Walk us through the process behind The Medium is the Message: Answering Machine. How did you come up with the idea, and where did you find the answering machine? Did finding the machine inspire the show, or vice versa?

Erin Plew: In the process of gathering props for an indie film I worked on in Appalachia last fall [The Evening Hour], I found this amazing wood paneled answering machine. I was surprised when I plugged it in that the cassettes still had the recordings of the machine’s former owners. Having no time to listen to it in the whirlwind of working on that movie, I was excited to show it to David when I got back to Nashville.

We rewound and listened and couldn’t believe the beautiful and poignant—and sometimes funny—stories these recordings told. You really start to empathize with the mother, Barbara. The sadness in her voice is palpable as she speaks to concerned friends and family members and arranges hospice care for her dying husband. When the son starts calling in, desperately trying to get through to get some nutrients and a trip to the RadioShack, it’s a little unsettling at first. But it becomes almost a farce as his persistent calls continue to be ignored. As listeners, we had to reconcile our perception of the family’s grief with this series of obsessive, repetitive rants that sounded not unlike a stand-up comedian’s monologue.

We loved the story and began throwing out ideas of how best to present it. A lot of those ideas seemed to take away from the story and its characters, and we ultimately decided to create [Barbara’s space] as we saw it—based on what the recording tells us about the characters. We surmised that the original voicemails were probably left in the late ’90s or early 2000s, so everything in the space is from that time period and before. Found family photos can be seen on the walls, in frames and in a family photo album on the coffee table, providing a further glimpse into what kind of people this family could be. The more you listen, the more you feel like you know them and pick up on subtleties that you hadn’t previously noticed. We really enjoyed getting to know this family through this artifact they left behind and took special care to respect the kind of people they may have been and the space they could have inhabited.
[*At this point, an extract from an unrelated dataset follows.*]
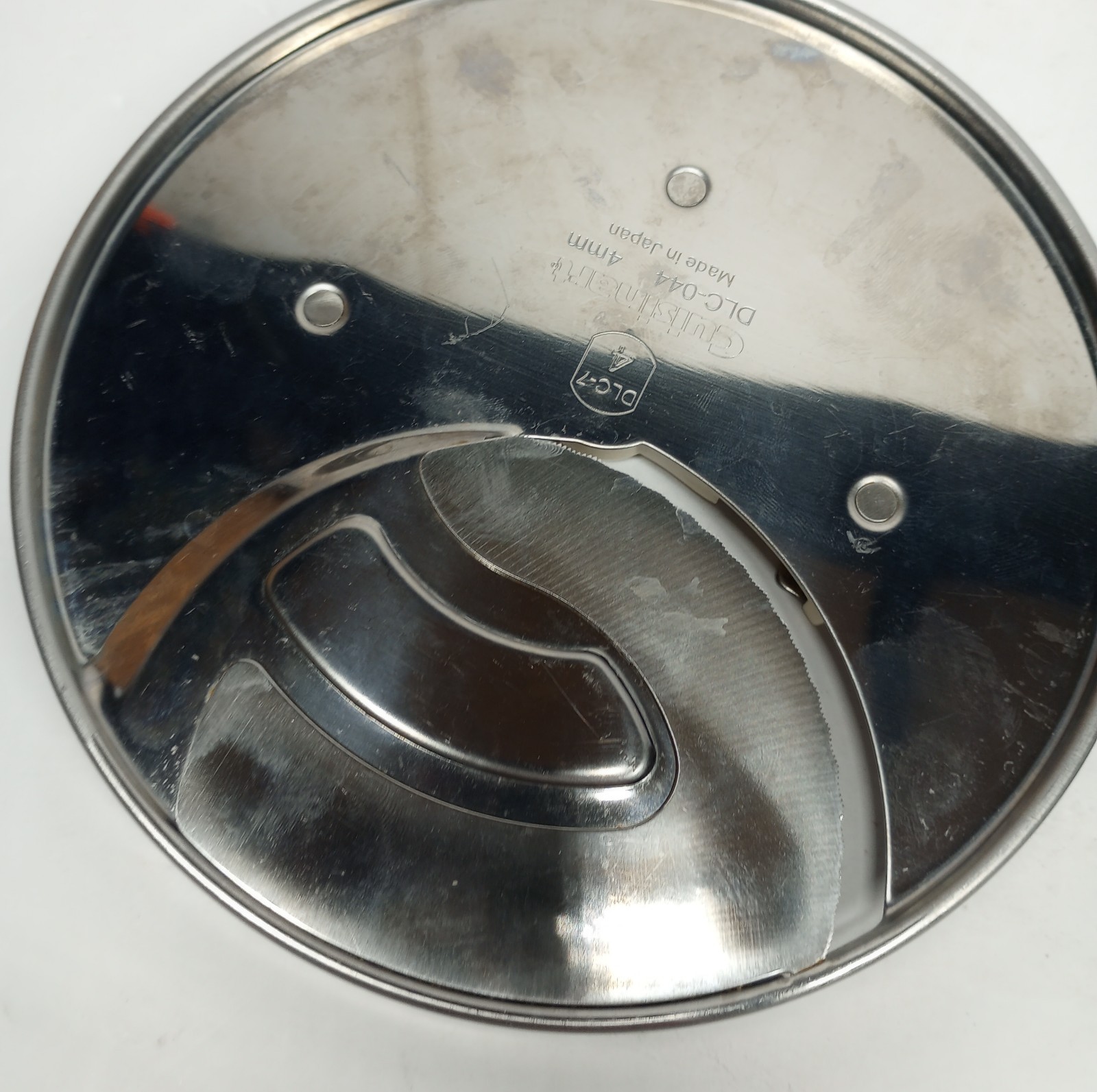Cuisinart DLC-7 Super Pro Food Processor Disc Blades DLC-037 & DLC-044 Lot Of 2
The show flyer for The Medium reads, “There is a universal pathos to the messages related to this family’s arrangements for hospice care and offers of assistance and condolence.” What did the messages teach you about family and grief?
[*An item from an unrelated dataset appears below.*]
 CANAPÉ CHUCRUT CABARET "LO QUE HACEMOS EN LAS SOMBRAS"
Plew: Another’s grief is almost impossible to completely understand. We all experience it in profoundly varying ways that are as unique as each of us. Sometimes the only thing we can do is to reach out to those we love going through personal tragedies, but our words often sound trite and shallow in comparison to the enormity of what the grieving person is experiencing. It’s interesting to hear those close with the family on the answering machine attempt to convey their sympathy and put these feelings into words. Alternatively, the way in which the social workers and the VA talk to the family seems sometimes flippant as they leave messages about end-of-life plans. It’s strange to feel as if you almost embody Barbara’s person by sitting on her couch, surrounded by her belongings, casually listening to the alternating messages. I think creating her space around the viewer takes away some of the inherent voyeurism and replaces it with a bit more of an understanding and empathy for what she must be going through.

 

Crappy Magic’s next project, a collaboration with Bridget Bailey tentatively titled The Commission to Rescue Abandoned Middle School Ceramics Projects, will open July 6 at The Packing Plant’s Crappy Magic Showroom.